*Your objective*. Of the lines listed below, return exactly those that run from the line containing "Damen Overknee Stiefel" through the line containing "Kabel-Clips, Schreibtisch-Organizer, Set", both included.

*The data*.
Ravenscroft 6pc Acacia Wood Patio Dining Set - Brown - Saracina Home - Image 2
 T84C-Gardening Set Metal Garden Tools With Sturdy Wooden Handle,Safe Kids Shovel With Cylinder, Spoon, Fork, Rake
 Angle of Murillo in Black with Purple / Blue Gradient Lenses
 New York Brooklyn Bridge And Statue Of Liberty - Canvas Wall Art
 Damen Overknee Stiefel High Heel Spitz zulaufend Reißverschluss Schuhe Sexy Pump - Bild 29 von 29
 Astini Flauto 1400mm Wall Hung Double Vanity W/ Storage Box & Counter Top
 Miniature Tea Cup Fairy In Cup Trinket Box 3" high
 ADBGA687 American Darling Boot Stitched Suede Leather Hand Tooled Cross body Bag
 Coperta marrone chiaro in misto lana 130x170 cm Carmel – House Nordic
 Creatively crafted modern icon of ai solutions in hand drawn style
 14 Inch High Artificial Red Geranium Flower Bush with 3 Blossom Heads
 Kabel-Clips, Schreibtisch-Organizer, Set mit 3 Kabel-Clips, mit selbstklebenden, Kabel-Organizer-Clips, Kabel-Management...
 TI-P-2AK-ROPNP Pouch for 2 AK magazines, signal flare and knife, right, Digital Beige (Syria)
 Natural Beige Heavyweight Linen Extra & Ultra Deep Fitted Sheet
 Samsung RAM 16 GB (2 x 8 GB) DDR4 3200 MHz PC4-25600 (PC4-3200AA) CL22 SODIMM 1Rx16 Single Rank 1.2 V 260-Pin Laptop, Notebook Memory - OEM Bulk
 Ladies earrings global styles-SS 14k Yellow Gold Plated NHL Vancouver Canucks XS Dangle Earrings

*Solved problem*.
 Damen Overknee Stiefel High Heel Spitz zulaufend Reißverschluss Schuhe Sexy Pump - Bild 29 von 29
 Astini Flauto 1400mm Wall Hung Double Vanity W/ Storage Box & Counter Top
 Miniature Tea Cup Fairy In Cup Trinket Box 3" high
 ADBGA687 American Darling Boot Stitched Suede Leather Hand Tooled Cross body Bag
 Coperta marrone chiaro in misto lana 130x170 cm Carmel – House Nordic
 Creatively crafted modern icon of ai solutions in hand drawn style
 14 Inch High Artificial Red Geranium Flower Bush with 3 Blossom Heads
 Kabel-Clips, Schreibtisch-Organizer, Set mit 3 Kabel-Clips, mit selbstklebenden, Kabel-Organizer-Clips, Kabel-Management...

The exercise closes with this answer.